Samsung, the world's largest maker of memory chips and a top producer of consumer electronics including flat-screen televisions, mobile phone handsets, MP3 players and laptop computers, recorded sales of 78.9 trillion won, or $76 billion, in 2004. Its sales have increased an average of 18 percent every year since 2000.
Yun detailed Samsung's mid- to long-term plans at the company's first annual conference in Seoul, which brought together about 300 analysts from around the world.
Yun said the engines of Samsung Electronics' growth would be large-storage memory chips, next-generation displays, next-generation mobile telecommunications, digital TVs, next-generation printers, system LSIs, next-generation mass storage and air control systems.
It set a target of $61 billion in revenue from its semiconductor business by 2012 and $20 billion from the liquid crystal display division.

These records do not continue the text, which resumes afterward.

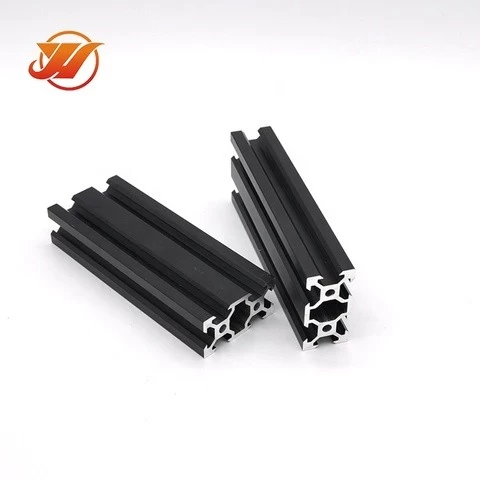 Buy Anodized Silver Extrusion Industry 2040 Aluminum Profile V Slot ...
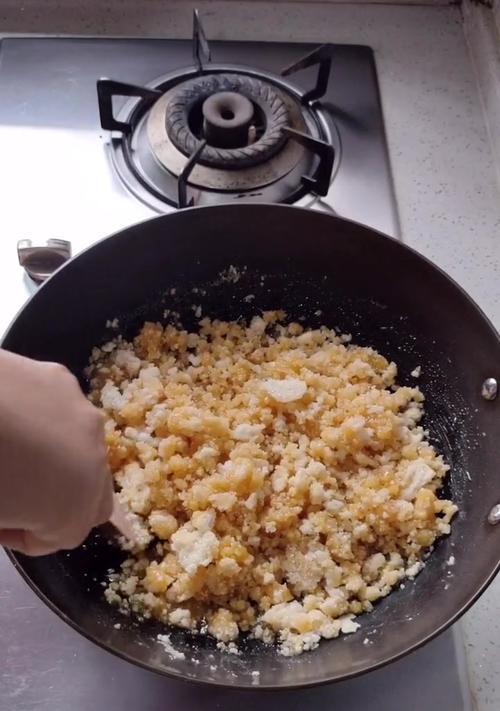 香甜可口的芝麻核桃糖制作方法（轻松DIY，手工制作，小清新，健康美味）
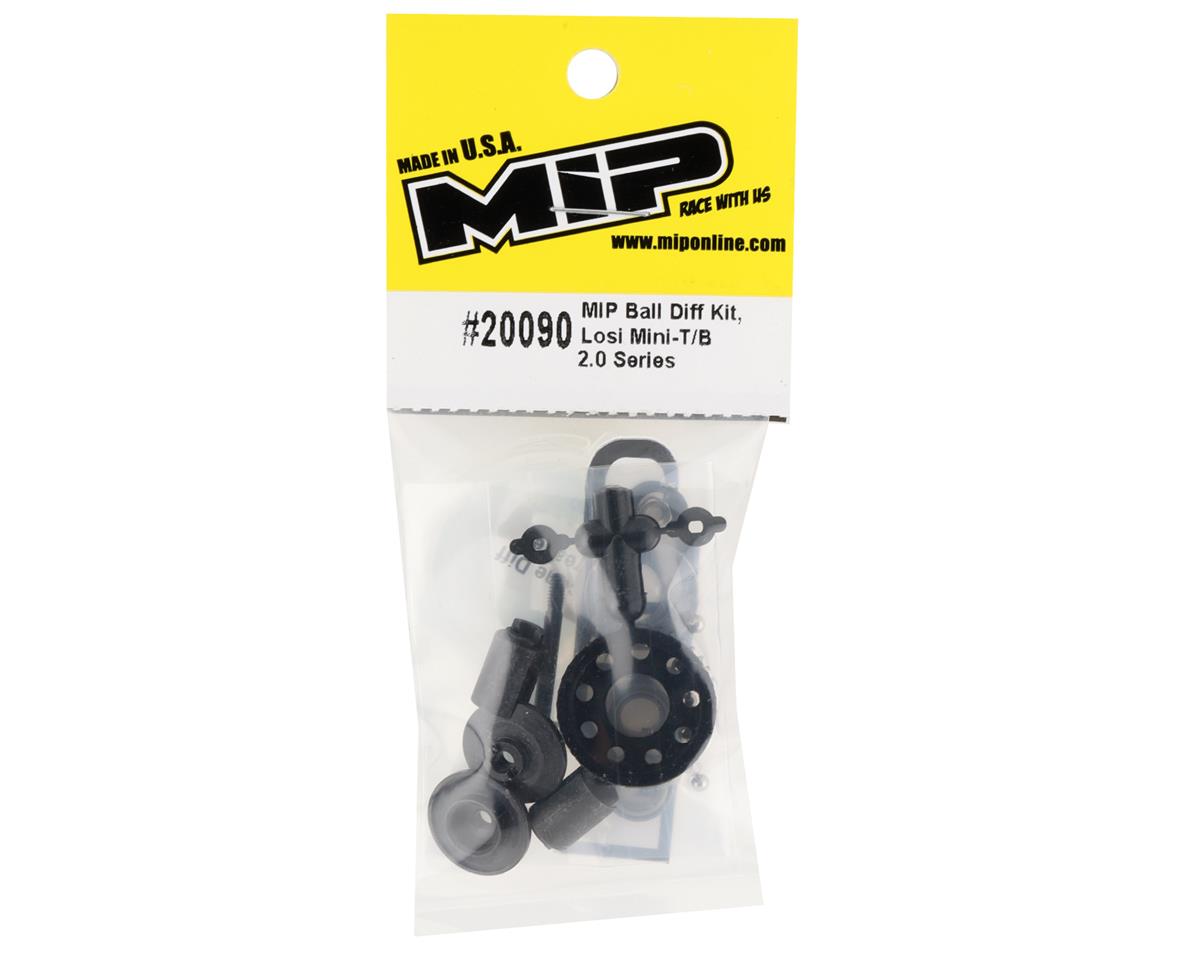 MIP20090 Ball Diff Mini-T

It also aims to become the world's third-largest patent holder by 2007. The company ranked sixth last year, with 1,604 patent rights.
Samsung has emerged as a first-rank technology company with global name recognition on the strength of products like its sleek flat-screen televisions and gadget-laden mobile phones.
Executives like Hwang Chang Gyu, president of its semiconductor business, are in frequent contact with other technology industry leaders like Steve Jobs of Apple Computer and Bill Gates of Microsoft.
Still, amid its rise, the company has suffered from some negative publicity, including a price-fixing fine of $300 million levied recently in the United States over accusations that it had secretly conspired with industry rivals to fix chip prices and cheat customers.
Besides being South Korea's largest company in terms of market capitalization and sales, Samsung is the world's second-biggest semiconductor maker, after Intel, and vies with its domestic rival LG.Philips LCD for the top spot among manufacturers of liquid crystal displays.
One of the secrets to Samsung's emergence as a top technology company has been its emphasis on research and development even during tough times, like the 2001 collapse in semiconductor prices and other downturns.
In September, the company announced an ambitious seven-year, $33 billion capital investment plan that it expects will create 14,000 jobs in South Korea.
"As of last year we had 26,000 R&D researchers," Lee Yoon Woo, the Samsung chief technology officer, said on Thursday. "We plan to increase that to 52,000 by 2010."